Monday, August 11, 2014

Mr Pickles takes the helm

After the resignation of Baroness Warsi as faith minister, Prime Minister David Cameron has handed her role to Eric Pickles, who will fill the faith brief in addition to his job as Communities Secretary.

A couple of years ago, after the National Secular Society obtained a High Court decision banning councils having prayers to open council meetings, Mr Pickles fast-tracked laws to override the decision. "The Government recognises and respects the role that faith communities play in our society," he said.

He complained in a speech last year: "In recent years long-standing British liberties of freedom of religion have been undermined by the intolerance of aggressive secularism."

And in April this year he told the Conservative Forum: "I've stopped an attempt by militant atheists to ban councils having prayers at the start of meetings if they wish. Heaven forbid. We're a Christian nation. We have an established church. Get over it. And don't impose your politically correct intolerance on others."

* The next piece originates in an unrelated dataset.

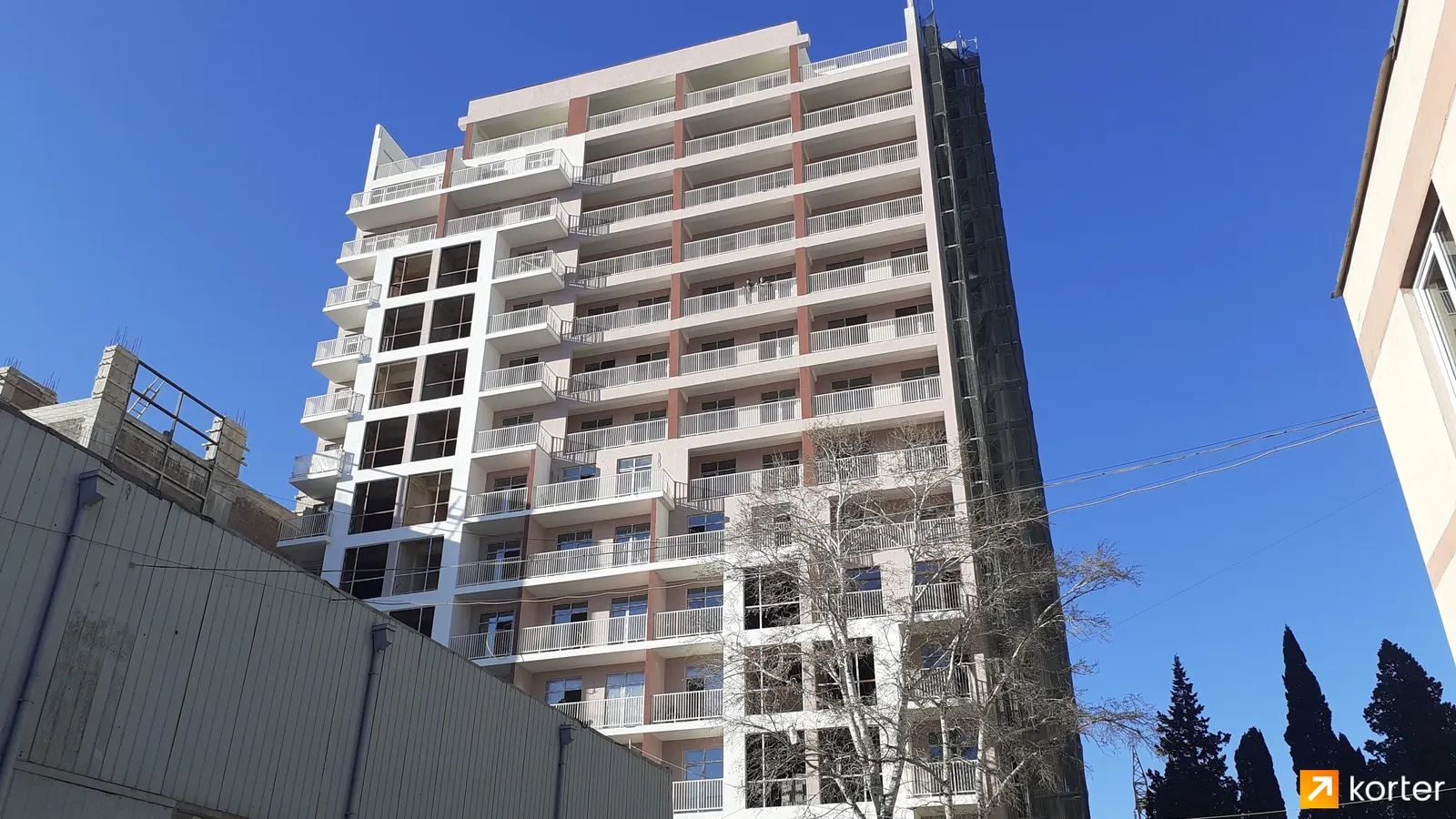 Konstantin Stanislavsky St, 1b residential complex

He explained: "The Government has backed British values. And we've stopped Whitehall appeasing extremism of any sort. Be it the EDL, be it extreme Islamists or be it thuggish far-left, they're all as bad as each other."

Says the New Statesman: "Eric Pickles's appointment as Faith Minister is bad news for secularists."

And in a blog post about the appointment, Stephen Evans, campaign manager for the National Secular Society, asks: "Rather than a 'minister for faith,' perhaps we need a minister for freedom of belief?"

Critics complain that Baroness Warsi produced nothing but words. So will Eric Pickles do a better job as faith minister?

Time will tell.

But if his appointment causes the secular humanists to draw in their horns a little, that can't be a bad thing, can it?